--- Data excerpts Enclosed Below ---
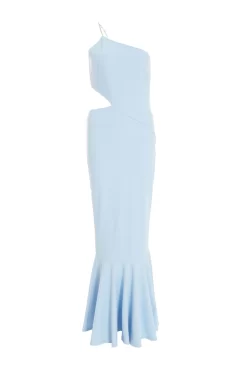 Light Blue One Shoulder Frill Hem Maxi Dress
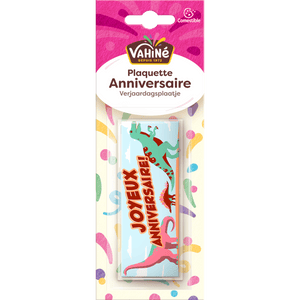 Un aimant de la marque Vachon avec un design Joyeux Anniversaire mettant en vedette des dinosaures de dessins animés.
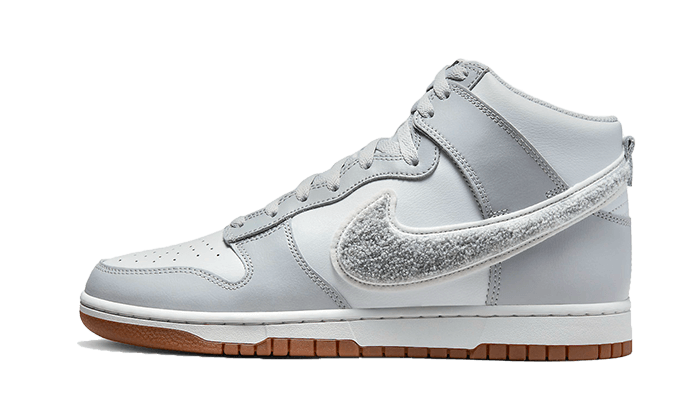 Nike Dunk High Retro Chenille Swoosh White Grey biały-szary - widok główny z boku | Saturaise.com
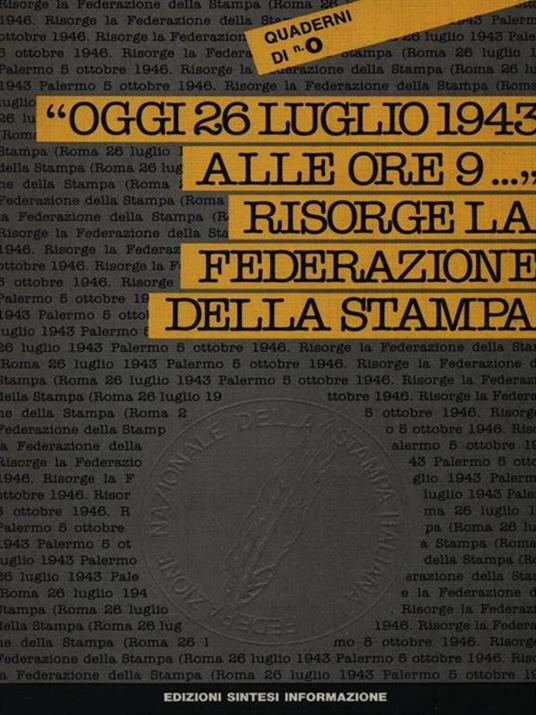 Oggi 26 luglio 1943 alle ore 9.. - copertina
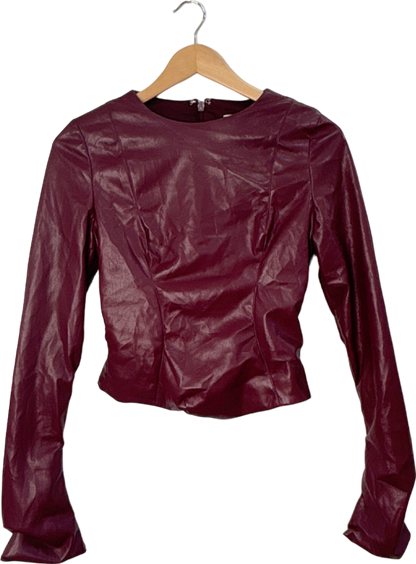 House Of CB Burgundy Cropped Faux Leather Long Sleeve Top S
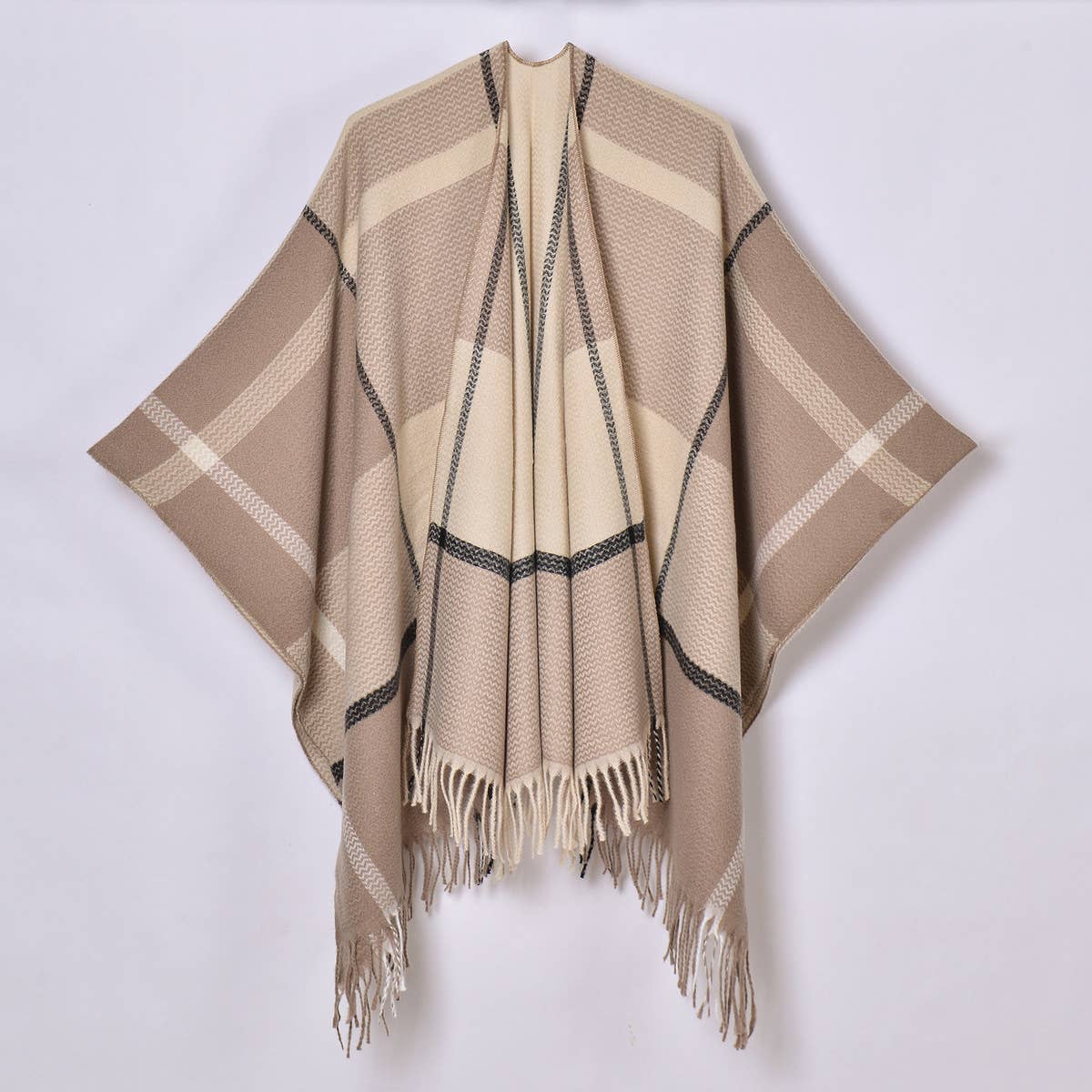 WOMEN THICKENED TASSEL PINSTRIPE SHAWL CAPE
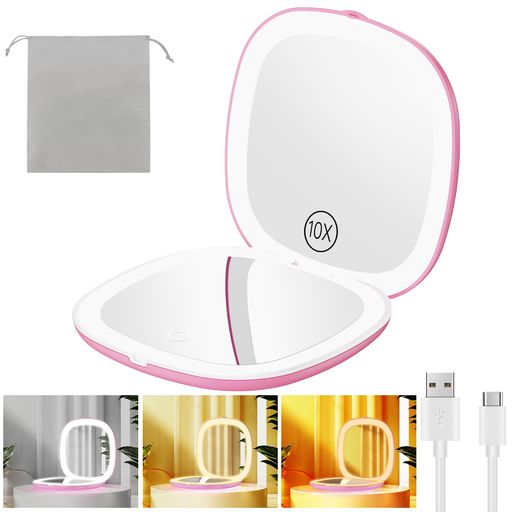 LEDミラー携帯ミラー1X/10X両面鏡両面ライト付き拡大鏡明るさ調整三色調光メモリー機能タッチ(ピンク)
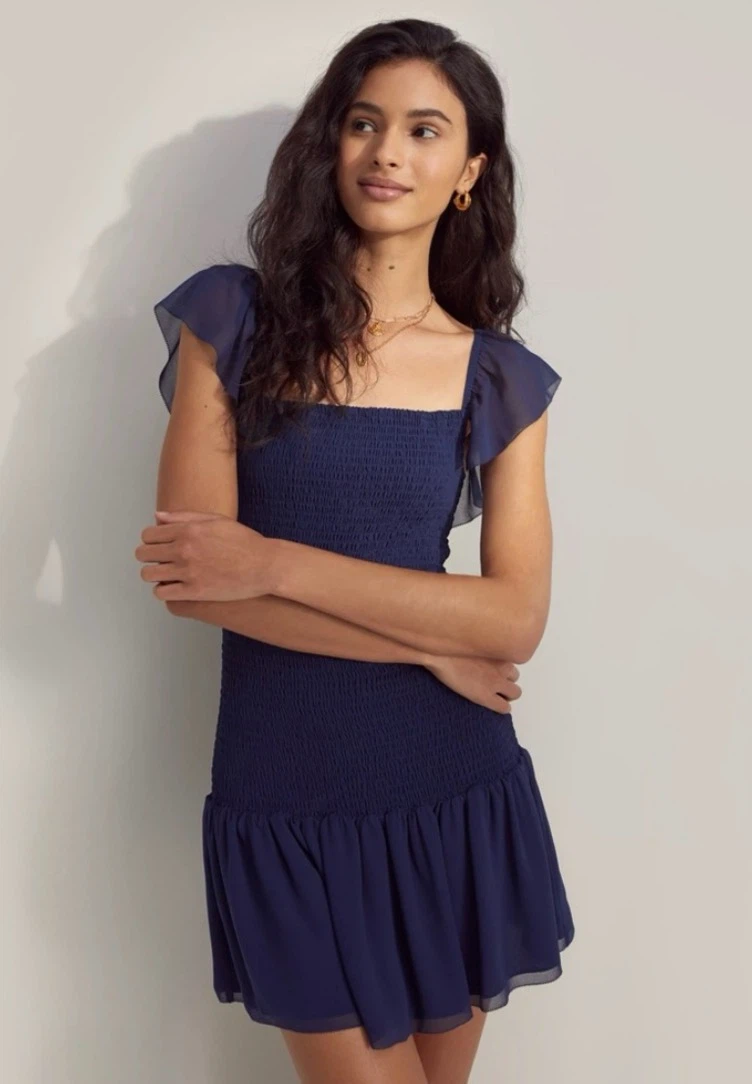 Wilfred Navy Blue Smocked Mini Dress with Ruffle Sleeves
--- End of Enclosed Data excerpts ---
## What you need to do
An exact copy of the lines from the one with "Un aimant de" through the last line of the records, inclusive, is required, with all pictures left out.

## Solution to the problem
 Un aimant de la marque Vachon avec un design Joyeux Anniversaire mettant en vedette des dinosaures de dessins animés.
 Nike Dunk High Retro Chenille Swoosh White Grey biały-szary - widok główny z boku | Saturaise.com
 Oggi 26 luglio 1943 alle ore 9.. - copertina
 House Of CB Burgundy Cropped Faux Leather Long Sleeve Top S
 WOMEN THICKENED TASSEL PINSTRIPE SHAWL CAPE
 LEDミラー携帯ミラー1X/10X両面鏡両面ライト付き拡大鏡明るさ調整三色調光メモリー機能タッチ(ピンク)
 Wilfred Navy Blue Smocked Mini Dress with Ruffle Sleeves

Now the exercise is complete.